Nice sentiments, but nuh-uh, as the equally venerable TIME Magazine concluded when the debate was still raging back in 2006. As we (alright, I) put it then:

…let’s be clear: Pluto has to go. Clean out your locker, turn in your playbook and go see the coach. Oh, and on your way out, tell the other walk-ons and wannabes that the roster is frozen. We’re sticking with the original eight.

There are sound astronomical reasons for such a pitiless verdict. Pluto’s elliptical, sharply inclined orbit — not to mention its icy, rocky anatomy — clearly mark it as a rogue object, gravitationally lassoed from the Kuiper Belt. This is an entirely different origin from the eight true planets, which swirled into life from leftover dust as the sun itself was forming, and for that reason orbit neatly in the solar plane. Planets and Kuiper Belt objects can certainly play nice, but so can some cats and dogs. That doesn’t make them part of the same family.
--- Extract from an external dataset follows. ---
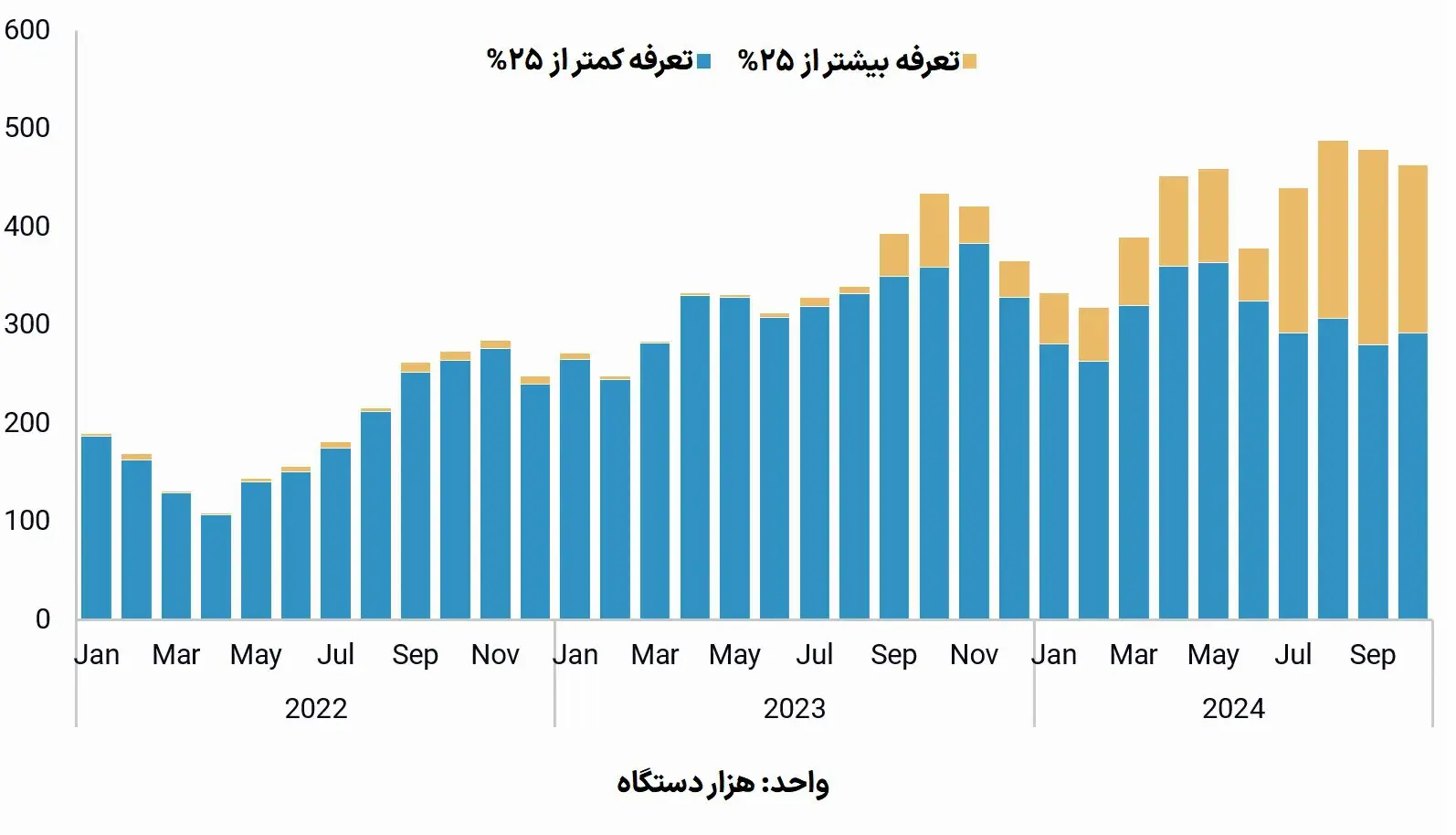 نمودار22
But all that is academic  — especially for New Horizons and its mission planners. The spacecraft is intended to barnstorm Pluto at a distance of just 7,000 mi. (11,000 km), and doing that while dodging a swarm of moons can be tricky. The rendezvous is not set to occur until July 2015, which gives navigators plenty of time to refine their course and take corrective maneuvers in advance – not to mention look for still more moons that could complicate things even more. The spacecraft’s flyby will be fleeting, since it will be moving at 30,000 mph (48,000 k/h). But the data it collects will be exponentially more than we’ve ever had before. And the pictures it beams home will be a lot lovelier too — images not of a lonely nonplanet, but a parent world and a brood of pups, whatever their exact species may be.